Today’s case is not in the ED. This one unfolds on the ward – the morning after the admission. So imagine yourself there – on the Paeds surgical ward.
6 year old boy was admitted last evening after referral from the local GP to the on-call Surg team.
He has a 24 hour history of increasing central abdominal pain. The pain wa initially periumbilical, but overnight it has localized to the lower abdomen – maybe a bit more on the right. Urinalysis was normal
The surgical team have been on their super-early orning rounds and seen the child – they have written in the notes:
“ tender lower abdo, no rebound, guarding, otherwise soft, afebrile. Bloods all normal. PLAN: Med team consult please.? epurients”
OK, now that is Surg -speak for – we aren’t operating on this kid – not a likely appendix. Turf to med, maybe its constipation?

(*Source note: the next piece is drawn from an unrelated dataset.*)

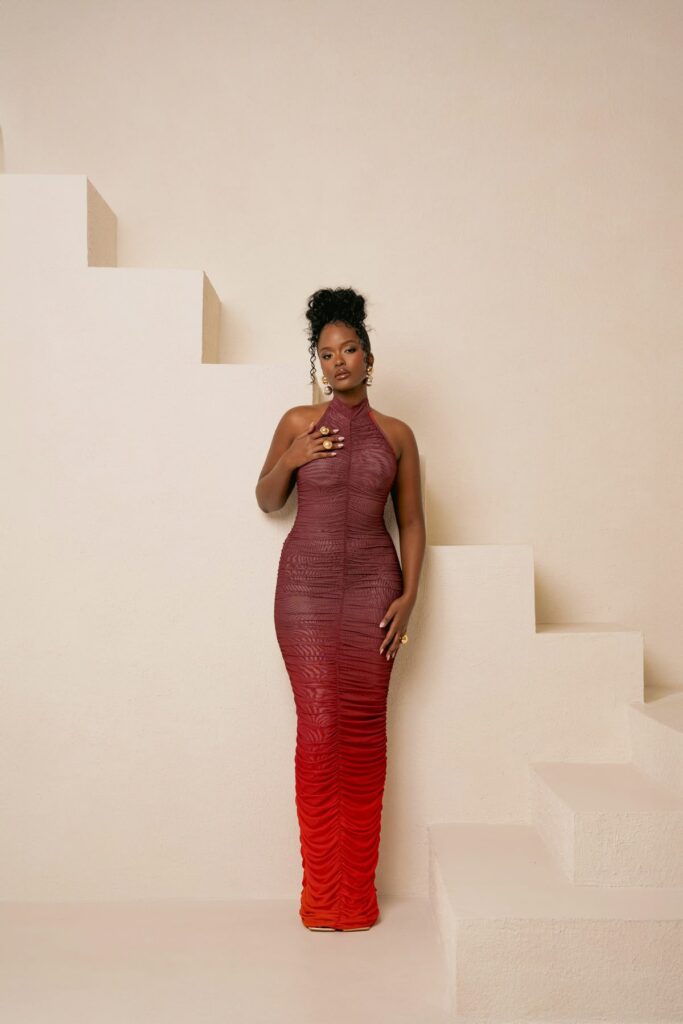 Dawn Ruched in her signature Halter Maxi Dress.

Half way though your ward round the nurse- coordinator calls you to say: “You had better come see this kid – he has just had a bout of melena”
Hmmmm… not sounding like your average “un-appendix”. So you pop in and see him. Mum is looking worried. His obs are normal, his belly is ‘as described’ by the Surg team. When you pull down his jocks for a gander at his bottom you notice his scrotum is a bit red, and on examination his left testis is tender and there is a definite hydrocoele. Hmmmmm…
OK – can you solve this Paediatric puzzle?
What is going on? Well here is the clincher.
What are you going to do next?
Congrats to Dr Bek – who as it turns out practices about 500m down the road from me at the local Aboriginal Medical Service. Bek gave the right and most insightful answer. Good call from Maj and Patrick also – honorable commendations. I happen to know Bek was at a recent talk I gave which covered HSP – so technically she did cheat? But I think she already knew before I got to her!
Monitoring includes urinalysis testing, BP monitoring – as there is about a 7% recurrence rate and the risk of renal disease goes up with recurrence and older-age of the kid.